Please retype, character for character, the portion of the entries below that runs from the line containing "3-Tier Industrial Kitchen" to the last line.

Data extract section start

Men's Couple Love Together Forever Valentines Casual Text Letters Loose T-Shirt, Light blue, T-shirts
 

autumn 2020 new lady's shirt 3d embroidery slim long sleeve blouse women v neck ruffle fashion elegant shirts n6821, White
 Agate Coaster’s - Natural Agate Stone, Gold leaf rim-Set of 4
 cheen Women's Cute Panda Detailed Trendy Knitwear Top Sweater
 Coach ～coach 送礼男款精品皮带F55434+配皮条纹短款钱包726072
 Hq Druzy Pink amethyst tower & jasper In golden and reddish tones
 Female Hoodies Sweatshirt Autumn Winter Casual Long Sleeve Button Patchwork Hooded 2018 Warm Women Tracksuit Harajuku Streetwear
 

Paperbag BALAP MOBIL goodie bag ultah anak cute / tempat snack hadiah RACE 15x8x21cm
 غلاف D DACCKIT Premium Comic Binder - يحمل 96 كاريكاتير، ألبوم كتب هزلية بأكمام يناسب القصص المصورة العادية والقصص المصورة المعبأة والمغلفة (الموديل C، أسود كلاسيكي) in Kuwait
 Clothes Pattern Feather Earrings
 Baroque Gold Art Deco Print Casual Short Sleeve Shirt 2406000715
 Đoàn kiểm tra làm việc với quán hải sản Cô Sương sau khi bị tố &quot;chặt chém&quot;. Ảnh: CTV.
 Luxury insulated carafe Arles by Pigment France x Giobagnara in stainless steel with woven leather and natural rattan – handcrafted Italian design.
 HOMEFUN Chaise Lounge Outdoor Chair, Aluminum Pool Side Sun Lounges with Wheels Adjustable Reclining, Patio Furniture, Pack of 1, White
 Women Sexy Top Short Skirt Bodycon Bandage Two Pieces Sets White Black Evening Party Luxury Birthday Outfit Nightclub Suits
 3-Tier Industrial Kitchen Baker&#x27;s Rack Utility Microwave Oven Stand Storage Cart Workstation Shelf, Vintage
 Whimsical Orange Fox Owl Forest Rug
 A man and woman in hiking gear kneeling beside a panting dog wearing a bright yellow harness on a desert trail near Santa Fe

Data extract section end

Result of the task –
 3-Tier Industrial Kitchen Baker&#x27;s Rack Utility Microwave Oven Stand Storage Cart Workstation Shelf, Vintage
 Whimsical Orange Fox Owl Forest Rug
 A man and woman in hiking gear kneeling beside a panting dog wearing a bright yellow harness on a desert trail near Santa Fe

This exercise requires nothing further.